Fig. 14 supports this observation. A Level-A or -B non-I/O-performing task experiences more interference if it must share its Level-A/B bank with other tasks' I/O buffers. Such interference is caused by row-buffer conflicts in the Level-A/B bank as part of DMA-sourced interference. However, the I/O-performing tasks will experience less CPU-sourced interference. Therefore, the overall impact of CPU- and DMA-sourced interference depends on a ratio between non-I/O-performing tasks and I/O-performing tasks in a task system. To sift through this tradeoff and other issues,

we conducted a large-scale, overhead-aware schedulability study, which we discuss next.

#### 6 Schedulability Study

Sec. 5 investigated the impact of our IPC and I/O management approaches on individual tasks, but high-level tradeoffs require investigating potential impacts on schedulability for entire task systems. To assess such tradeoffs, we conducted a large-scale, overhead-aware schedulability study.

Schedulability studies. Drawing concrete conclusions about different hardware-management techniques or real-time algorithms is difficult when the efficacy of each approach is highly dependent on task-system characteristics. For example, the additional I/O-management techniques introduced in this paper clearly would be of little use to a task system that performs no I/O. However, an I/O- or IPC-intensive task system may experience a large benefit from the additional management. Evaluating the efficacy of our hardware-management techniques using either one of these two extremes could result in a misleading conclusion, so we must instead evaluate our work with respect to a large number of task systems, while accounting for any new overheads that our techniques introduce.

Schedulability studies are a widely used tool in real-time research intended to address this difficult problem. Schedulability studies produce *generalizable* results about the utility of new techniques by generating the parameters for a large number of synthetic task systems (*i.e.*, not actual executable code), and then determining what fraction of the generated systems are schedulable using the techniques under study and an appropriate schedulability test. The claim then is that if a synthetic task system is schedulable, then a real task system with the same parameters would also be schedulable.

A large number of task systems is necessary in order to provide statistical confidence and to cover a broad spectrum of task-system parameters. The generated systems must be synthetic, consisting only of task parameters, *e.g.*, utilization, period, working set size, *etc.*, because generating and running executable code at the necessary scale is infeasible. However, schedulability studies still must model behavior (*i.e.*, interference) encountered on real hardware. To account for this, it is a common practice for schedulability studies to use microbenchmark experiments, as mentioned in Sec. 5, to model how the synthetically generated execution costs should be adjusted to represent the impact of interference and overheads (Brandenburg 2011).

#### 6.1 Approach

We begin by describing the optimization framework used in this schedulability study.

Optimization framework.
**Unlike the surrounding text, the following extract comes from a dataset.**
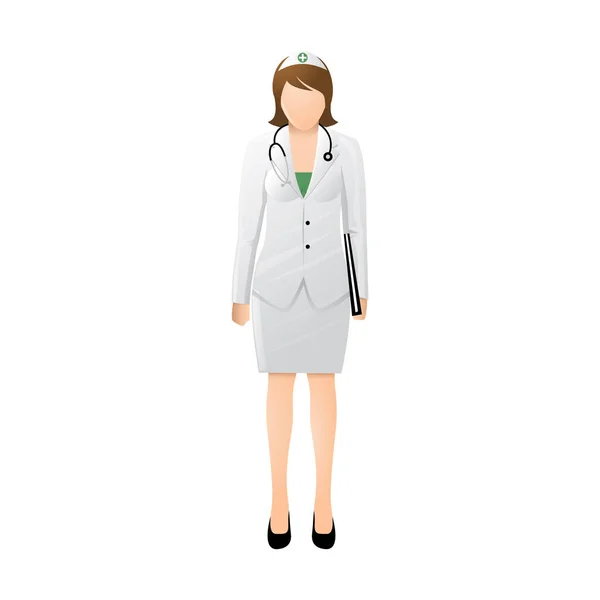 Médico Mujer Con Estetoscopio Icono Sobre Fondo Blanco Ilustración Vectorial — Vector de stock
The overall objective of the optimization framework within this work is to lower the total utilization of Level-C tasks, as this generally lowers the tardiness of these tasks (we assume that the response times of Level-A/B tasks are irrelevant so long as they make their HRT deadlines). The framework explores a space of possible partitions of the hardware to accomplish this. However, the level of interference experienced by a task depends on how the hardware is partitioned, so the execution costs of tasks are conditioned on this partitioning. Thus, the framework is constrained to produce hardware partitionings under which the given task system passes all required schedulability tests.

The framework can be roughly divided into three phases. The first phase involves partitioning Level-A/B tasks among cores. The second phase involves deciding whether to allocate I/O buffers of Level-A/B tasks in Level-A/B or -C banks. The third phase involves partitioning the LLC ways. The ways are partitioned into six regions: four per-core regions for the exclusive access of Level-A/B tasks, a region for Level-C tasks and the OS, and a region for shared buffers locked into the LLC. While more optimal resource-management solutions might be found by considering these decisions together rather than in phases, the phases are kept separate in order to keep the framework tractable for a schedulability study.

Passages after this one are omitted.